Just as important to Fennell, he would be keeping the Aleutian, a boat that he had come to know “every square inch of, every bolt and nail.” The vessel had seen him through many dark moments in rough seas around the Dixon Entrance and Hecate Strait.
The fir main deck, the 6″ x 6″ deck beams and the bulwarks were cut from the Aleutian, leaving the hull wide open between the main midships and lazarette bulkheads. Though not rotten, much of the wood was moisture saturated, no doubt adding considerable weight topside. The old, fiberglass-over-foam hold insulation was torn out and Fennell took the opportunity to sister and renail some ribs.

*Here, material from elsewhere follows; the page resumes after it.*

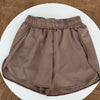 Conjunto Duplo Cargo 182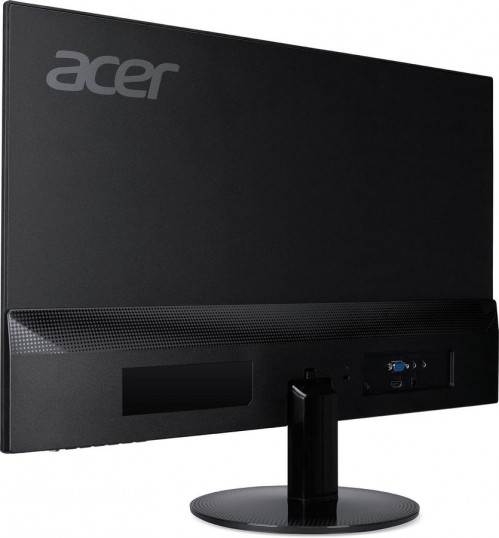 Acer SB271bmix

Tom-Mac used reconstruction methods it had applied to several wooden seine and troll vessels already. They involved boxing the existing shelf with aluminum and using it as a foundation for alloy feet and deck beams, raised 1′. The main and lazarette decks were sheeted over with aluminum. Side plate was welded to aluminum stanchions to form the new bulwarks and then extended down the hull sides to about 8″ above the waterline. With a raised hatch coating installed, foam insulation–5″ thick on the hull sides, 6″ thick on the bulkheads and deckhead–was sprayed in and fiberglassed over.
Fennell bolted his gumwood guards to the aluminum hull sides, capped the bulwarks with gumwood and kept the original fir coaming around the trolling cockpit. The intention was to retain the ‘Aleutian’s traditional look as well as wood surfaces wherever he and his crew come in contact with the boat. Fennell enjoys working on his troller’s wood structure and that helps, as does being an accomplished furniture woodworker in the winter months, to defray rebuilding costs.
Most of the older trollers and longliners that were built with small wheelhouses have been outfitted with wider, more spacious versions at some point in their careers. Fennell has considered doing the same, but he likes the classic interior and exterior of his boat. While going with the extensive aluminum modifications, retaining the Aleutian’s lines was a high priority.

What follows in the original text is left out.